Art in DUMBO has announced its First Thursday Gallery Walk, scheduled to take place Feb. 4, from 6 to 9 p.m., featuring exhibition openings and other special events.
Join Art in General for its inaugural exhibition “Beyond Credit,” a selection of contemporary Georgian artists, at their new gallery space at 145 Plymouth St..
At A.I.R. Gallery, Sharon Butler of Two Coats of Paint will award one female artist participating in the Generations X: Razzle Dazzle showcase a prize.
United Photo Industries will present Tahir Karmali’s Jua Kali, meaning “fierce sun” in Swahili.
The series of portraits show Nairobi workers who have created surreal identities for themselves, with found objects as personal adornment, and more.
On the first Thursday of every month, DUMBO’s galleries stay open late for a night of art, gallery openings, artist talks and live performance.
Visitors can enjoy incredible views of the East River and the Brooklyn and Manhattan Bridges as they walk along the waterfront from one gallery to the next, and can enjoy local drink specials after their tour.
The event is free and open to the public. All Gallery Walk events, and the many other art events happening year-round in DUMBO, can be found at Artin
The participating Feb. 4 Thursday Gallery Walk venues include: A.I.R Gallery (155 Plymouth St.) presents Generations X: Razzle Dazzle.
The exhibit features more than 200 women artists of many generations and styles.
On Feb. 4, Sharon Butler Prize will present her eponymous prize to one lucky artist whose work will be chosen as her favorite piece and win $100!

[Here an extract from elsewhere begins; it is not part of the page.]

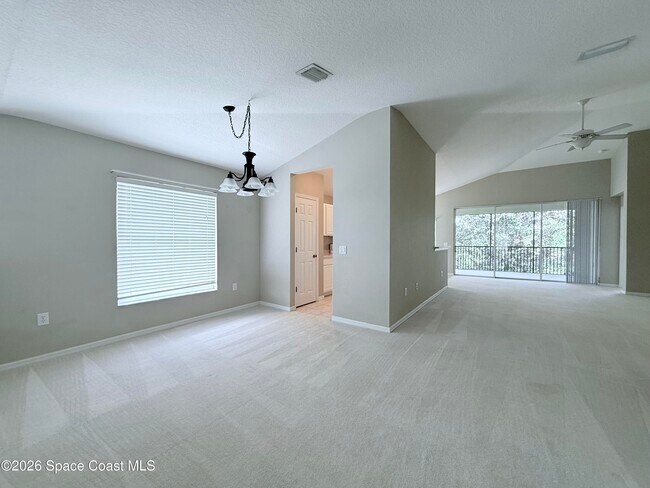 Building Photo - 812 Handsome Cab Ln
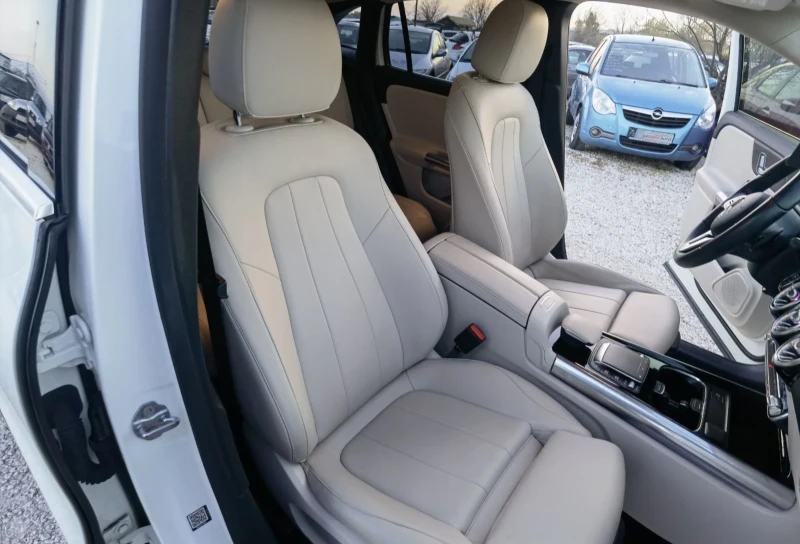 Mercedes-Benz GLA 250 2.0 39000км, снимка 12 - Автомобили и джипове - 50111488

The gallery also presents “Tuscan Spring,” in which Nancy Azara used a “leaf” theme with scroll works on Mylar, made in Greve, Italy. These collaged scrolls with tracings of leaves and trees and marks made from woodcuts, are painted and slashed sections, cut out and often reversed and glued.
The leaves are from a New York domestic rhododendron plant as well as from the fields of the Tuscan countryside.
And Fanny Allié’s Vessels builds the structure of a story in which characters coexist with makeshift, handmade dwellings along with domestic objects related to an everyday vernacular imagery.
From fragments of images extracted from the daily news, snippets of persistent personal memories or simple observations of her surroundings, she presents a narrative thread that solidly connects humans to each other. On view through Feb. 7, 2016.
Art in General (145 Plymouth Street) presents its inaugural exhibit Beyond Credit, featuring Thea Gvestadze, Mamuka Japharidze, Nika Machaidze, Nino Sekhniashvili, and Gio Sumbadze.
“Beyond Credit” is an Art in General International Collaboration curated by Wato Tsereteli, Center of Contemporary Art, Tbilisi, Georgia.
This group exhibition features a selection of contemporary Georgian artists who are highly regarded in Eastern Europe but relatively unknown in the United States.
Beyond Credit seeks to explore the artist’s process, as a mixture of modes involving rational thinking, intuition, contradiction, accident, mistake and absurdity, all of which serve as the building blocks for not only their artistic practices but also their lives.
As an exchange program, Art in General also brings New York-based artists to exhibit new works at international partner institutions. This is on view through April 2, 2016.
Brooklyn Bridge Park (99 Plymouth Street) presents The Wonder Under by Matthew Jensen, which uses collection and photography to explore the place histories of public landscapes in New York City.
The exhibition features hundreds of meticulously cut photographs of found objects collected from the surrounding landscape.
These are displayed in two-dimensional curiosity cabinets that reference museum vitrines but without employing the logical order commonly associated with such forms of display. On view through March 31, 2016.
KLOMPCHING GALLERY (89 Water St.) features work by Cara Barer. The artist transforms outdated, abandoned and obsolete books into coiled, crumpled and sculptural objects.
Following this labor-intensive reconfiguration, she photographs them and presents the final artworks as large-scale pigment prints — lush in color and highly detailed.
Through this process of re-imagination, the books segue into a carefully considered commentary on their changing role of how society accesses and values knowledge in a technologically advanced context.
Ultimately, Barer’s work questions the value of the book itself. On view through Feb. 27, 2016.